The second possible taxing point is the time when the employment in respect of which the taxpayer acquired the interest ends.
The third possible taxing point is the end of the seven year period starting when the taxpayer acquired the interest.
The fourth possible taxing point is the earliest time when:
there is no real risk that, under the conditions of the employee share scheme, the taxpayer will forfeit or lose the interest (other than by disposing of it, exercising the right or letting the right lapse);
· if, at the time the taxpayer acquired the interest, the scheme genuinely restricted them from immediately exercising the right - the scheme no longer restricts them;
· there is no real risk that, under the conditions of the scheme, the taxpayer will forfeit or lose the beneficial interest in the share (other than by disposing of it); and
· if at the time the taxpayer acquired the interest, the scheme genuinely restricted them from immediately disposing of the beneficial interest in the share - the scheme no longer restricts them.
However, the ESS deferred taxing point for the interest is the time the taxpayer disposes of the interest (other than by exercising the right) or the beneficial interest in the share if that time occurs within 30 days after the time worked out above.
Section 83A-315 provides that if the regulations specify an amount in relation to an ESS interest, that amount should be used instead of the market value of the interest in working out:
· whether there is a discount given in relation to the interest; and
· if so - the amount of the discount.
Regulations 83A-315.01 to 83A-315.09 of the ITAR 1997
Regulations 83A-315.01 to 83A-315.09 of the ITAR 1997 relate to the determination of the value of an unlisted right for the purposes of Division 83A of the ITAA 1997.
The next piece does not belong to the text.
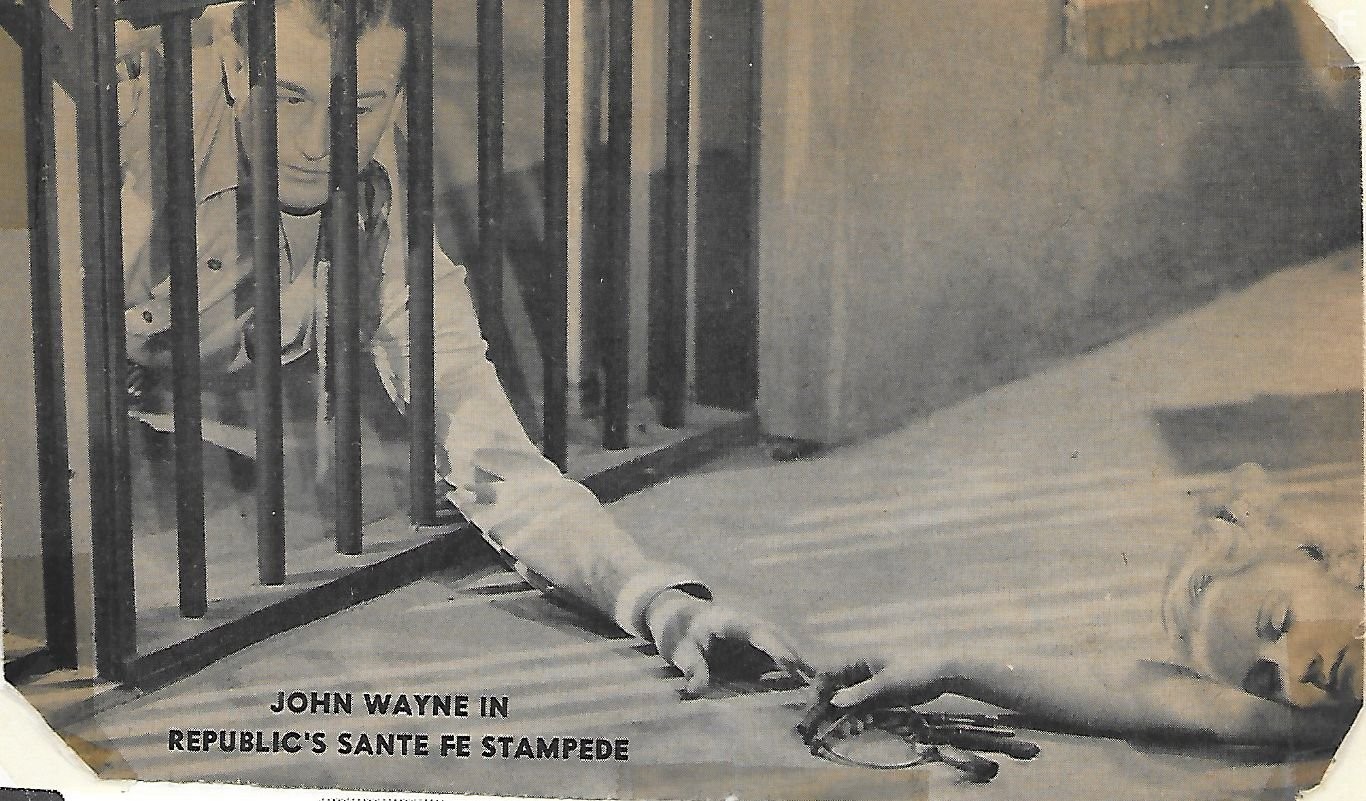 John Wayne and June Martel in Santa Fe Stampede (1938)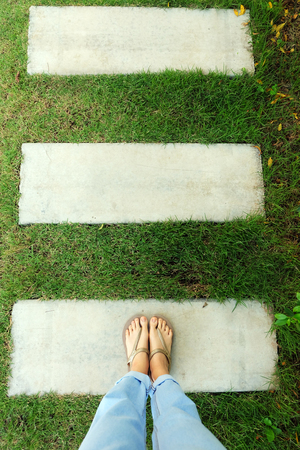Womanâs Legs and Feet Wear Gold Sandals on Cement and Green Grass Background Great for Any Use.の写真素材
Regulation 83A-315.01 provides that:
For subsection 83A-315 of the ITAA 1997, the amount, in relation to an unlisted right that must be exercised within 10 years after the day when the beneficial interest in the right was acquired is at the choice of the individual the market value of the right or the amount determined by the application of regulations 83A-315.02 to 83A-315.09.
However, if the ESS deferred taxing point for an ESS interest is the day when the individual disposes of the interest (other than by exercising the right) or the beneficial interest in the share, the amount is the market value of the right or share.
Regulation 83A-315.02 provides that if a right is not quoted on an approved stock exchange on a particular day, the value of the right is the greater of:
· the market value on the day of the share that may be acquired by exercising the right less the lowest amount that must be paid to exercise the right; and
· the value determined in accordance with regulations 83A-315.05 to 83A-315.09.
Work and income support withholding payments
Work and income support withholding payments include payments of remuneration made by an incorporated company to an individual as a director of the company or as a person who performs the duties of a director of the company. Refer to subsection 995-1(1) of the ITAA 1997, subsection 6(1) of the Income Tax Assessment Act 1936 and section 12-40 of Schedule 1 to the TAA.
Discount
The term 'discount' is not defined in the ITAA 1997. However, paragraph 1.102 of the Explanatory Memorandum to the Tax Laws Amendment (2009 Budget Measures No. 2) Bill 2009 states:
The discount is the market value of the ESS interests less any consideration paid or to be paid by the employee.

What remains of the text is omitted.